Article/Blog

Georgia DOT's Roadside Decked Beam ABC Project

Posted January 20, 2021

Henry County, Ga., 30 miles south of Atlanta, is a rapidly growing county of over 230,000 residents. Many Henry County residents commute to the Atlanta metropolitan area, so the network of arterial and collector roads providing north-south connectivity is especially important. Blackhall Road is a two-lane arterial offering convenient access to Interstate 75 for the subdivisions in Lake Spivey and is also a heavily used school bus route for 30 buses on typical school days.

Aerial view of the completed bridge open to traffic. The dam and spillways for Lake Spivey, which limited the options for construction, are to the right of the photograph. Photo: C.W. Matthews Contracting Co. Inc.

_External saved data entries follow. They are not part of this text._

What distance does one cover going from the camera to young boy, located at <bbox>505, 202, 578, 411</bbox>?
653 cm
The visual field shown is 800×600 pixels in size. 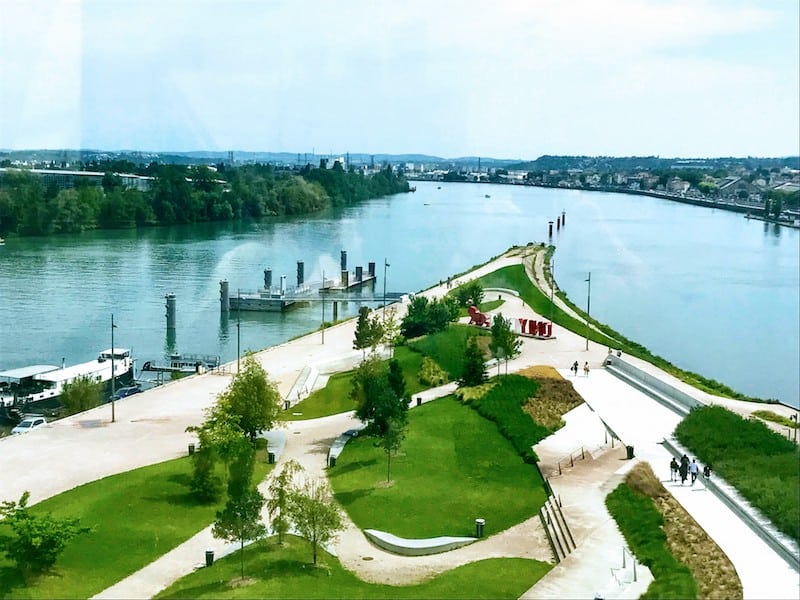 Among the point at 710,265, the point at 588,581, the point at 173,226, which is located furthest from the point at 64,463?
the point at 173,226

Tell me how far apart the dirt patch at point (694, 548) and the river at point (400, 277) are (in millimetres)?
6090

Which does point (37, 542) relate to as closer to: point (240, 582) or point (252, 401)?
point (240, 582)

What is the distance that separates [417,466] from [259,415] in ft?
5.03

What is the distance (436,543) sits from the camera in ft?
18.5

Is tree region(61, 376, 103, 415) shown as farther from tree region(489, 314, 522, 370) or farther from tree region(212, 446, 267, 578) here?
tree region(212, 446, 267, 578)

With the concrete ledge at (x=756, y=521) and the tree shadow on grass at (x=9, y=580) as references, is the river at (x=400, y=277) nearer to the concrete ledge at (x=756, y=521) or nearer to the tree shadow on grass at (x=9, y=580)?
the concrete ledge at (x=756, y=521)

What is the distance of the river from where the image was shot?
46.6ft

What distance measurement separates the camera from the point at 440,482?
22.3 feet

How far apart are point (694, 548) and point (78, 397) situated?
274 inches

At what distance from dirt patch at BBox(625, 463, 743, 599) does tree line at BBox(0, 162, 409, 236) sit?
18571 mm

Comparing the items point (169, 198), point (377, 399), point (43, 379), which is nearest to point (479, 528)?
point (377, 399)

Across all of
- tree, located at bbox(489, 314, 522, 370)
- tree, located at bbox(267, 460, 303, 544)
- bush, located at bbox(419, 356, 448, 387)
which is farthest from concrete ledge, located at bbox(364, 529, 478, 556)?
tree, located at bbox(489, 314, 522, 370)

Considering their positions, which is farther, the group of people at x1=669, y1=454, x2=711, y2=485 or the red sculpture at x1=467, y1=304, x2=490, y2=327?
the red sculpture at x1=467, y1=304, x2=490, y2=327

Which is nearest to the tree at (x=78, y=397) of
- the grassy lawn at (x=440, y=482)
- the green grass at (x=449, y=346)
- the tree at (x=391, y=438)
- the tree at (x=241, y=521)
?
the grassy lawn at (x=440, y=482) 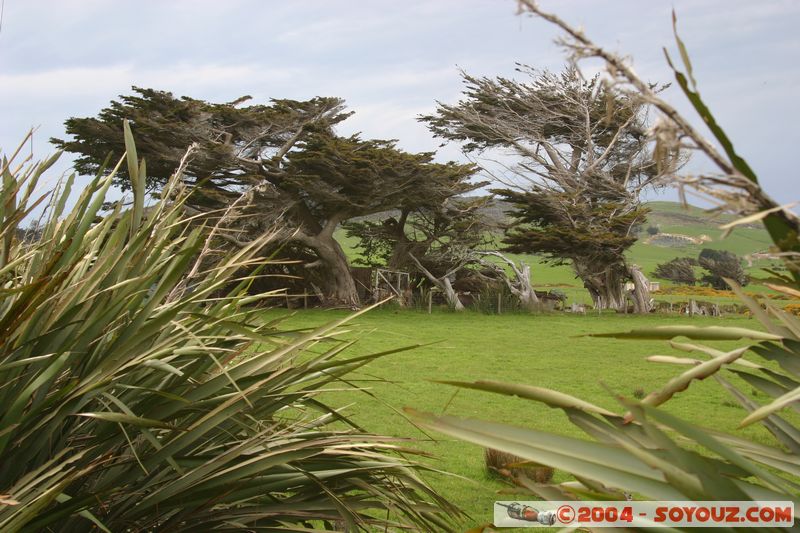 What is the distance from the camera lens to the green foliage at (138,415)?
2162mm

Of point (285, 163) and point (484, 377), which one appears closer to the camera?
point (484, 377)

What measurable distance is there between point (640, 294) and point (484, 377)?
60.3ft

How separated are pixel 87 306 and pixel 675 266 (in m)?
53.2

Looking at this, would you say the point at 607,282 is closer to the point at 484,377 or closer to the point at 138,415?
the point at 484,377

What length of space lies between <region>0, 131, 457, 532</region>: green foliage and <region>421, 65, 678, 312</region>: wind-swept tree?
85.9 ft

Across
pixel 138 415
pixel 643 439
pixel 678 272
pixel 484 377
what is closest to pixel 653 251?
pixel 678 272

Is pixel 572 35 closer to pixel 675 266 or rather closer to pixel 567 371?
pixel 567 371

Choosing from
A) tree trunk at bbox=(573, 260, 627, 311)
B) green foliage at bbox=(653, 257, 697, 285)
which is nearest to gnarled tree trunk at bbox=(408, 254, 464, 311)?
tree trunk at bbox=(573, 260, 627, 311)

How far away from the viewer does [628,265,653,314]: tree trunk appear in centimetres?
2798

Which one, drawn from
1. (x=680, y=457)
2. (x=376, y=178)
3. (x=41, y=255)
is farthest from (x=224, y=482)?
(x=376, y=178)

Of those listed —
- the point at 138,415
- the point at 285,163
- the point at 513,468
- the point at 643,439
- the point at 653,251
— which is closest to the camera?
the point at 643,439

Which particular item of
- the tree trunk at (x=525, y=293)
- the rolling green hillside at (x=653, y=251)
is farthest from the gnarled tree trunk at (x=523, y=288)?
the rolling green hillside at (x=653, y=251)

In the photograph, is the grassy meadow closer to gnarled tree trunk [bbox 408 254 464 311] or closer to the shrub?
the shrub

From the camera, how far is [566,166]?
33.3 meters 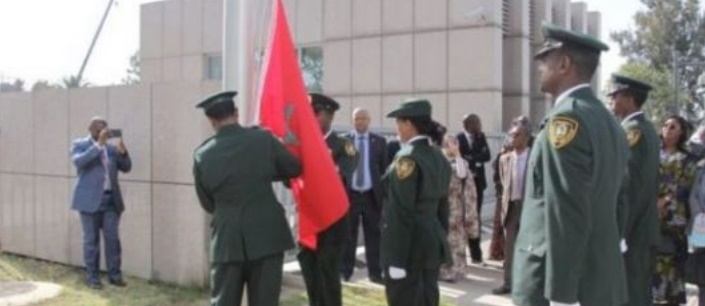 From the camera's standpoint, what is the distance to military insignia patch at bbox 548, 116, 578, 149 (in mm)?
2842

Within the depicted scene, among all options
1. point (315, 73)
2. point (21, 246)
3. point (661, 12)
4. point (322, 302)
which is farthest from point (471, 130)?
point (661, 12)

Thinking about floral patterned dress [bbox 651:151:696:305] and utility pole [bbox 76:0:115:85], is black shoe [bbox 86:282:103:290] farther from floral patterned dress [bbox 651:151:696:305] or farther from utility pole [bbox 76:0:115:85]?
utility pole [bbox 76:0:115:85]

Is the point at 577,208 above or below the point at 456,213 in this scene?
above

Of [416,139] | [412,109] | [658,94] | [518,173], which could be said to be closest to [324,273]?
[416,139]

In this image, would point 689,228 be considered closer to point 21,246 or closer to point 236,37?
point 236,37

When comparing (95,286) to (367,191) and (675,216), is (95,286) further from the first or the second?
(675,216)

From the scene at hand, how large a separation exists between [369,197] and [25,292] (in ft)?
12.0

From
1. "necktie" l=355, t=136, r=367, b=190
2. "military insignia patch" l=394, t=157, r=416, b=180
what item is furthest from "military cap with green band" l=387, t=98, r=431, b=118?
"necktie" l=355, t=136, r=367, b=190

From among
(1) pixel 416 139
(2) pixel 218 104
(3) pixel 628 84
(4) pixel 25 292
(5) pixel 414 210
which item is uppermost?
(3) pixel 628 84

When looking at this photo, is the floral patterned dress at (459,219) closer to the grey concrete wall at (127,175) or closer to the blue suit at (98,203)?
the grey concrete wall at (127,175)

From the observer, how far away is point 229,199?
4.48 metres

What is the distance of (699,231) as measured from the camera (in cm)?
552

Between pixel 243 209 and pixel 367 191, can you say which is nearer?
pixel 243 209

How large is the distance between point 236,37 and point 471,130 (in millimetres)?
4473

Aerial view of the completed bridge open to traffic. The dam and spillways for Lake
Spivey, which limited the options for construction, are to the right of the photograph.
Photo: C.W. Matthews Contracting Co. Inc.

Blackhall Road crosses Rum Creek just downstream from, and generally parallel to, the dam impounding 600-acre Lake Spivey. The existing two-lane bridge, constructed in 1961, was designed for an H15 truck. The Georgia Department of Transportation (GDOT) decided to replace the bridge and approach roadway because of substandard geometrics and posted weight restrictions. A contract for design of the replacement bridge was awarded 2014.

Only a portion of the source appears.